Geschreven door: Eva Dieteren
In de afgelopen jaren is er veel aandacht geweest voor de ondervertegenwoordiging van vrouwen in besluitvormende posities in Nederland. Ondanks initiatieven vanuit de overheid en universiteiten zelf om diversiteit aan te pakken, blijven de percentages omtrent het aantal vrouwen in de wetenschap zorgwekkend. Uit onderzoek van het Landelijke Netwerk voor Vrouwelijke Hoogleraren (LNVH) blijkt dat het aandeel vrouwen afneemt naarmate de positie binnen de academische wereld hoger wordt. Er studeren in Nederland jaarlijks meer vrouwen dan mannen af van universiteiten (54%), maar vrouwen maken maar 28% van de universitaire hoofddocenten en 23% van de hoogleraren uit. Dit laatste percentage is erg laag, ook in vergelijking met andere Europese lidstaten: Nederland staat op plek 24 van de 28 landen.
Beslissingen op de golfbaan
Hoe kan het dat er uiteindelijk zo weinig vrouwen doorstromen binnen de academische wereld? Daar is niet een simpele verklaring voor. “De universiteitswereld is natuurlijk eigenlijk een heel ouderwets wereldje met hiërarchieën en toch nog veel conservatieve, grijze mannen,” zegt prof. dr. Moniek Tromp. Tromp is hoogleraar Materiaalchemie aan de Rijksuniversiteit Groningen – ze doet vooral onderzoek naar energiematerialen, bijvoorbeeld voor gebruik in batterijen, bandstofcellen en als katalysator, en ontwikkelt technieken om te begrijpen hoe materialen (tot op het kleinste niveau) werken en verbeterd kunnen worden. – prof. dr. Moniek Tromp.

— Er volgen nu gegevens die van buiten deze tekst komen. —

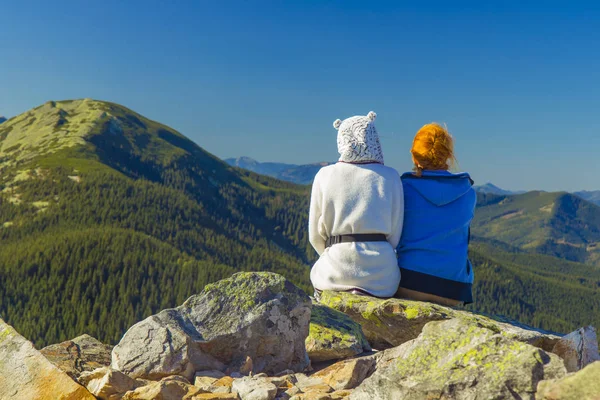 Viajar caminhadas estilo de vida fotografia de duas meninas sentadas de volta à câmera na borda do penhasco de rocha e desfrutar de olhar na paisagem pitoresca vista panorâmica verde montanha espaço de fundo sem foco — Fotografia de Stock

Daarnaast is ze actief binnen organisaties als LNVH en de Nederlandse Organisatie voor Wetenschappelijk Onderzoek (NWO). “Dit zie je ook terug in de politiek rondom sollicitaties en selecties: mensen nemen iemand aan die op hen lijkt uit hun eigen netwerk. Wij komen met LNVH soms nog extreme verhalen tegen. Bijvoorbeeld van kleine onderzoeksgroepen die bestaan uit 8 hoogleraren – mannen – die elkaar van een jaarclub uit hun studententijd kennen en die bij wijze van spreke de belangrijke beslissingen vrijdagmiddag op de golfbaan nemen. Dat gebeurt helaas nog steeds en daar kom je als vrouw natuurlijk nooit tussen.”
“We hebben allemaal te maken met implicit bias – bepaalde ideeën over wat mannen en vrouwen beter kunnen – die een rol spelen bij sollicitatierondes.”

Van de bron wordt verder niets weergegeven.